Nothing but the lines from the one with "Se define el" through the last line of the entries below should appear in the copy, please, and no pictures.

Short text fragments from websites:
• • • • • • •
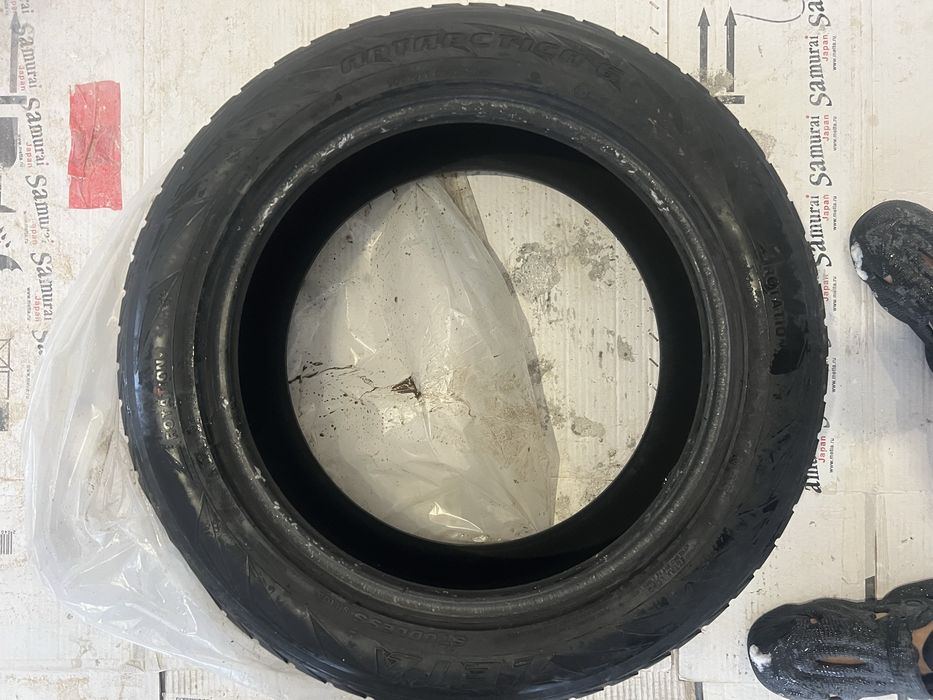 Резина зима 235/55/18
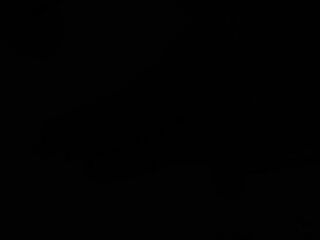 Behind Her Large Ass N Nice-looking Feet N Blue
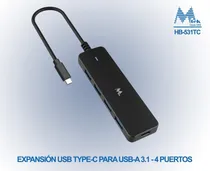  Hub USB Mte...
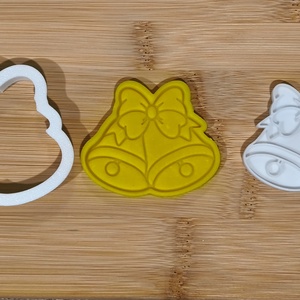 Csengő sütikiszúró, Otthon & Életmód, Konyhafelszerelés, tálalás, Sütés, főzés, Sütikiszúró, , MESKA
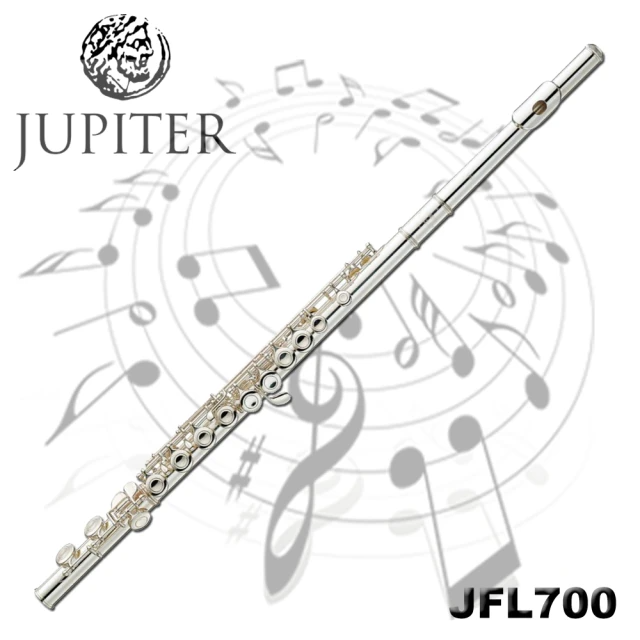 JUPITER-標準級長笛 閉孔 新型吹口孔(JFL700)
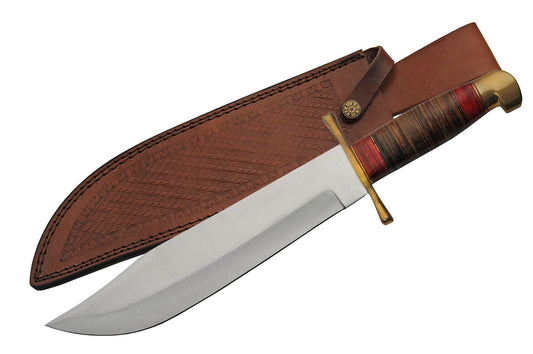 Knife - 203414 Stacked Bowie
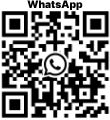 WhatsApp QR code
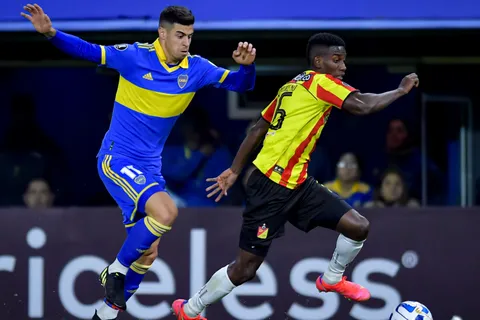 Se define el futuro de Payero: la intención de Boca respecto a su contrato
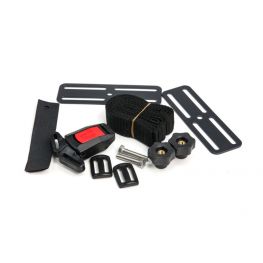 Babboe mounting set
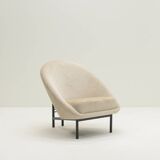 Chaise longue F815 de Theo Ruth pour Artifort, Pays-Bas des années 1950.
• • • • • • •
### Solved problem
 Se define el futuro de Payero: la intención de Boca respecto a su contrato
 Babboe mounting set
 Chaise longue F815 de Theo Ruth pour Artifort, Pays-Bas des années 1950.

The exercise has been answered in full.